**GIVEN INFORMATION:**
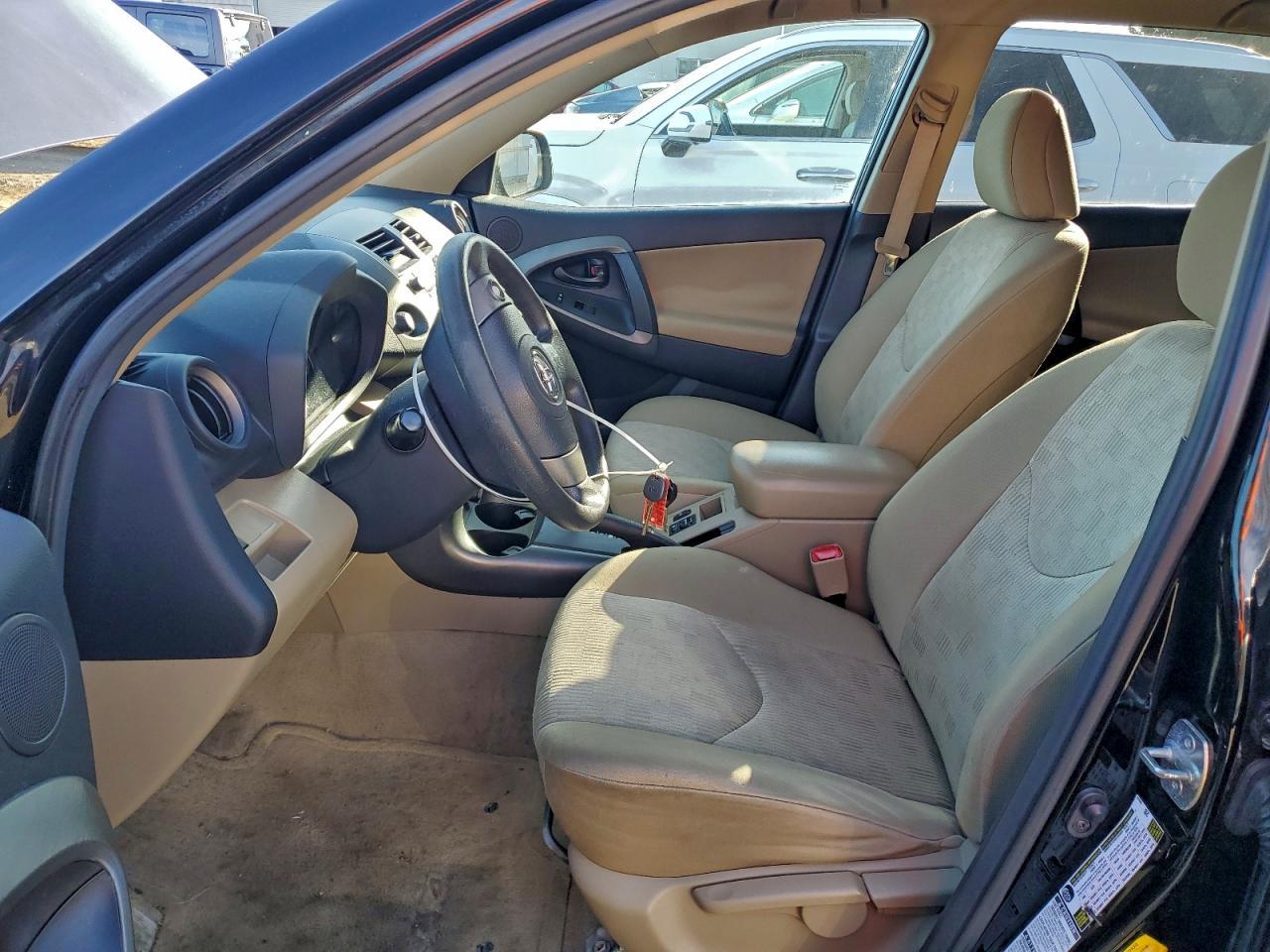 2009 TOYOTA RAV4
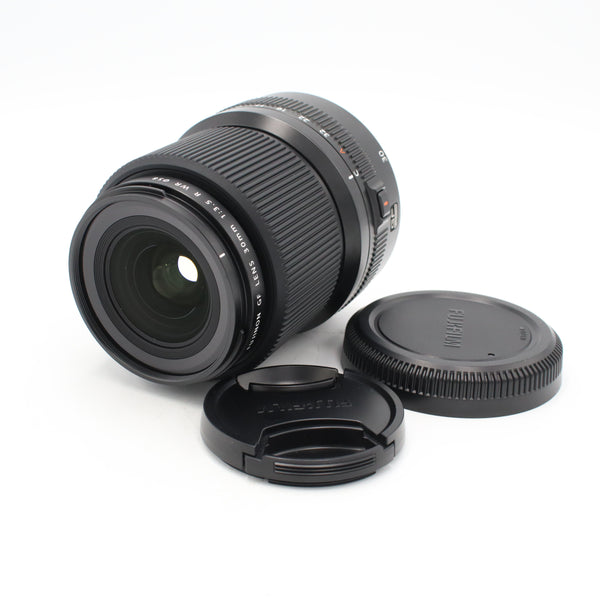 FUJIFILM GF 30mm f/3.5 R WR Lens *USED*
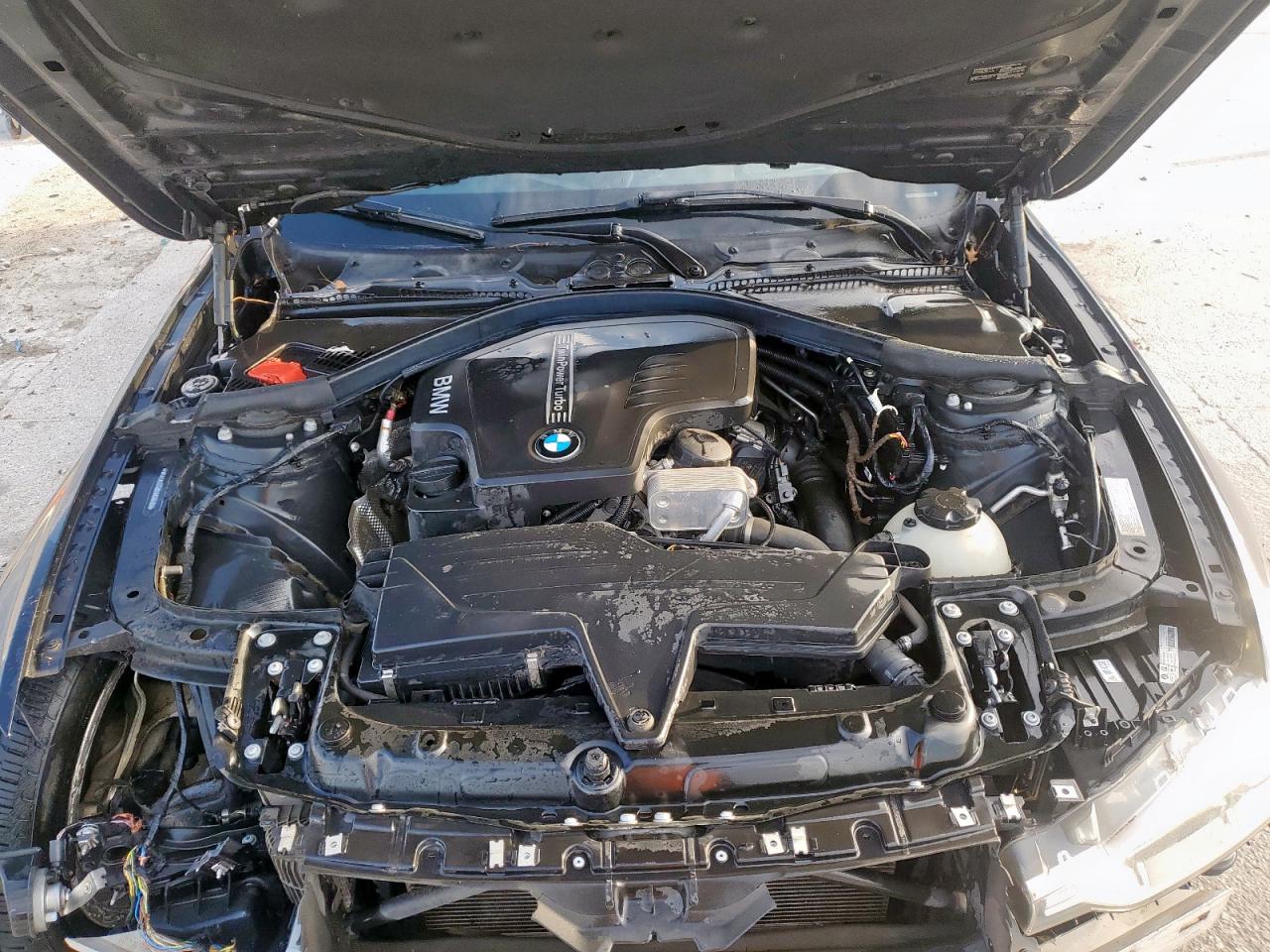 2013 BMW 328 I VIN: WBA3A5C52DJ461048 Lot: 63791185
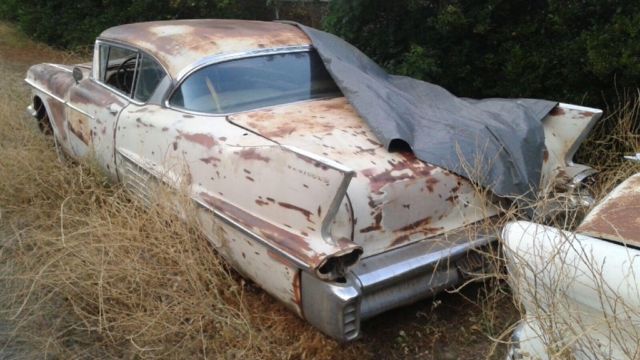 1958 Cadillac DeVille - photo 9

**ACTIVITY:**
Retype everything in the material word for word, minus pictures.

**ANSWER TO THIS PROBLEM:**
 2009 TOYOTA RAV4
 FUJIFILM GF 30mm f/3.5 R WR Lens *USED*
 2013 BMW 328 I VIN: WBA3A5C52DJ461048 Lot: 63791185
 1958 Cadillac DeVille - photo 9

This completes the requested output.